Well, they definitely break a lot of things. Mostly things that were never documented or guaranteed to work, though.

My app [1] regularly broke with new macOS releases between 10.9 and 10.12. So often I actually shivered when they announced a new version.

I was calling Cocoa stuff from separate threads which is almost never guaranteed to work on macOS (the UI is explicitly not thread-safe). It usually worked on older releases though, but since 10.9 or so, it broke a little more with almost every new release.

Not really Apple's fault as it's mosty breaking stuff that was explicitly not guaranteed to work in the first place and which I shouldn't have used. On the other hand, Microsoft seems to keep every quirk from Windows 9x time still working until today.

[1] https://github.com/enzo1982/freac

1 comments

> I was calling Cocoa stuff from separate threads which is almost never guaranteed to work on macOS (the UI is explicitly not thread-safe)

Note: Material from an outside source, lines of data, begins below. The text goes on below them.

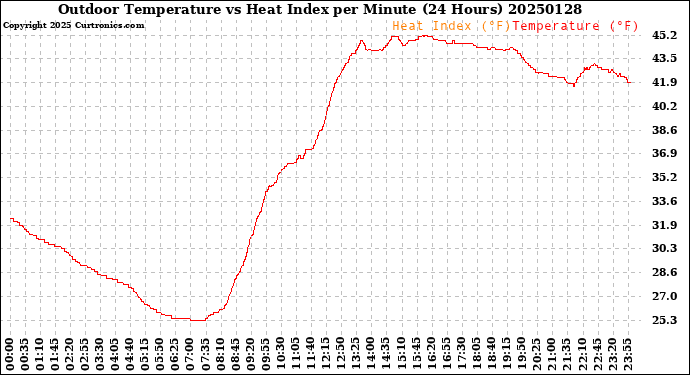 Milwaukee Weather Outdoor Temperature<br>vs Heat Index<br>per Minute<br>(24 Hours)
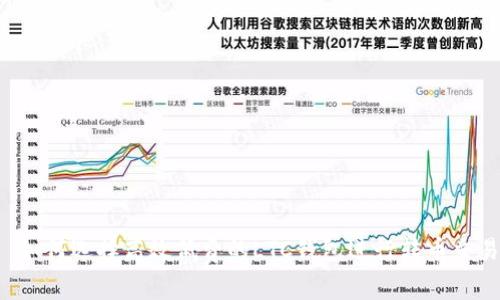 如何选择高效低费的LTC钱包进行转币交易
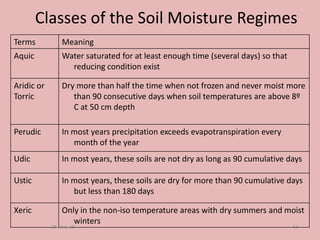 Classes of the Soil Moisture Regimes
Terms Meaning
Aquic Water saturated for at least enough time (several days) so that
reducing condition exist
Aridic or
Torric
Dry more than half the time when not frozen and never moist more
than 90 consecutive days when soil temperatures are above 8º
C at 50 cm depth
Perudic In most years precipitation exceeds evapotranspiration every
month of the year
Udic In most years, these soils are not dry as long as 90 cumulative days
Ustic In most years, these soils are dry for more than 90 cumulative days
but less than 180 days
Xeric Only in the non-iso temperature areas with dry summers and moist
winters
28-May-15 53
 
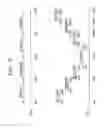 Fig. 06 - Device and method for calculating stability and predicting error of power system network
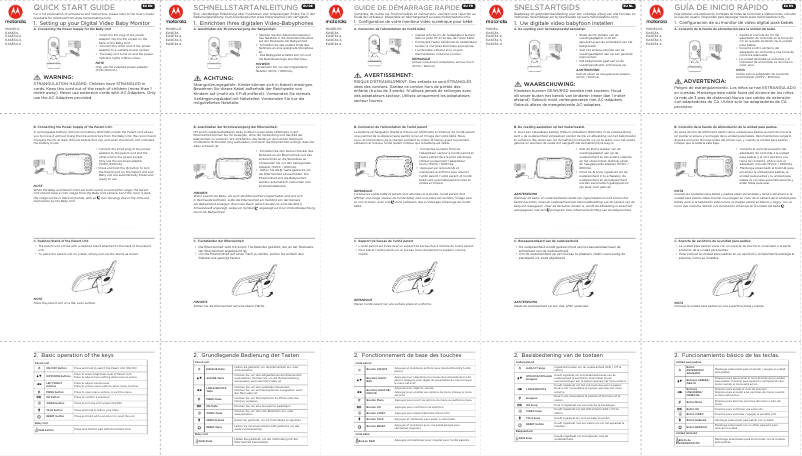 Page n°1 - Manuel utilisateur Motorola EASE34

It seems to me that you know what's wrong here, but just in case you don't, most UI work should be done on the main thread. There are certain lower-lever layer APIs that IIRC do explicitly allow for calls from multithreaded contexts, but other than that stick to the main thread. There's actually a new tool, the thread sanitizer, that helps you adhere to this by flagging all misuse of Cocoa outside the main thread.

This is the case for almost every graphical toolkit I’ve developed for.